De camino a una cita en Montmartre, me encontré con madame Baquet, que me había proporcionado mi primer trabajo en el Café des Singes. Llevaba un narciso amarillo adornándole el cabello y una bufanda amarilla al cuello. Su acompañante masculino, al que me presentó como el nuevo número de su club, llevaba una estrella en la chaqueta en la que ponía «músico» bordado en el centro.

– He visto montones de estrellas interesantes en Montmartre esta mañana -me contó madame Baquet-. Budistas…, hindúes… ¡Seres humanos!

Los abracé a ambos antes de continuar mi camino. Esa era la Francia en la que quería creer: irreverente, igualitaria, humana.

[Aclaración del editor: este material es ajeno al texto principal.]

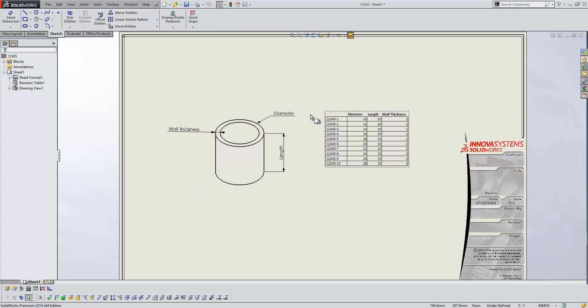You'll notice that there is a dashed line around the table itself. You don't need to worry about this because when you print the drawing out, that won't be visible. Thank you for watching.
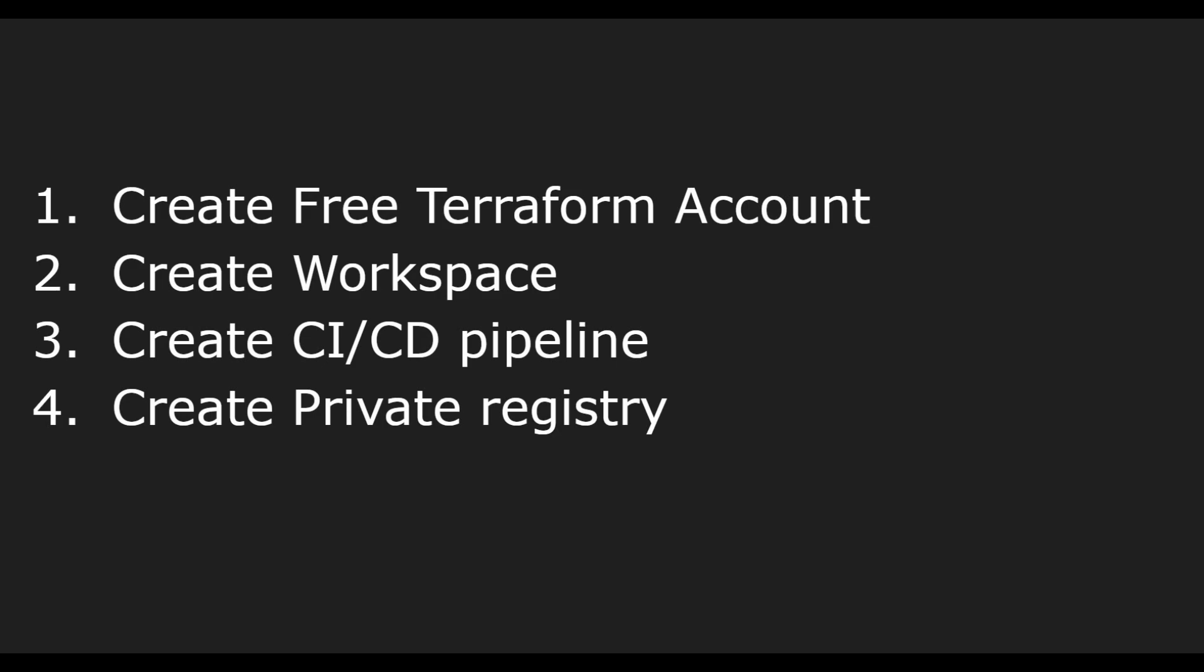Then we'll see how we can create resources using Terraform Cloud. We'll use Terraform Cloud as a CI/CD platform and we'll create some Google Cloud resources. We'll also create some private modules and publish that module as a private registry, then later use that private registry or module to create our resources. This will be a complete series of four to five videos.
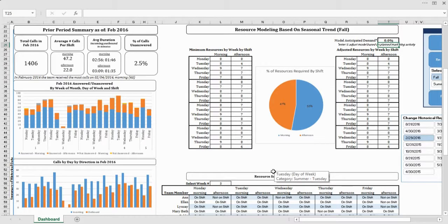The resource management dashboard was created to bring data insights to a small physician practice. What they were interested in finding out was the volume of calls and the time of day that those calls were occurring.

No obstante, el alto mando alemán no le veía la gracia a aquella protesta pacífica. Un hombre se paseó Campos Elíseos abajo luciendo sus medallas de guerra junto a la estrella y recibió una paliza de un grupo de soldados de las SS, que luego le pegaron un tiro en la cabeza. La vergüenza de lo que les estaban haciendo a sus amigos y vecinos se extendió como la pólvora entre los habitantes de la ciudad igual que la sangre del hombre se derramó por la acera. Que el asesinato de un veterano de guerra francés se realizara tan abiertamente y a sangre fría no pasó desapercibido para los parisinos.

Unos días más tarde, recibí instrucciones de Roger de cruzar la línea de demarcación y acudir a la finca de mi familia, acompañada solamente por Kira. Había despertado sospechas y parecía probable que pronto tendría que mudarme al sur de manera permanente. Aunque me había registrado en la Propagandastaffel, se estaban preguntando por qué no actuaba en París. Maurice Chevalier, Mistinguett, Tino Rossi y los demás proseguían con sus espectáculos, por lo que parecía que me estaba quedando sin excusas. Aparte de todos los demás problemas, ya no podíamos recibir más operadores de radio en nuestro edificio. En dos ocasiones, las camionetas de rastreo alemanas habían captado una señal en la zona. En una de ellas, nos habían hecho un registro. Madame Goux escondió el receptor introduciéndolo en la jaula gatera y colocando a Kira delante. El operador de radio y yo nos arrancamos la ropa y nos metimos desnudos en la bañera. Fingimos tal indignación cuando los alemanes irrumpieron en el baño que los soldados, mostrando sonrojo, se retiraron rápidamente sin darse cuenta de que no había agua en la bañera.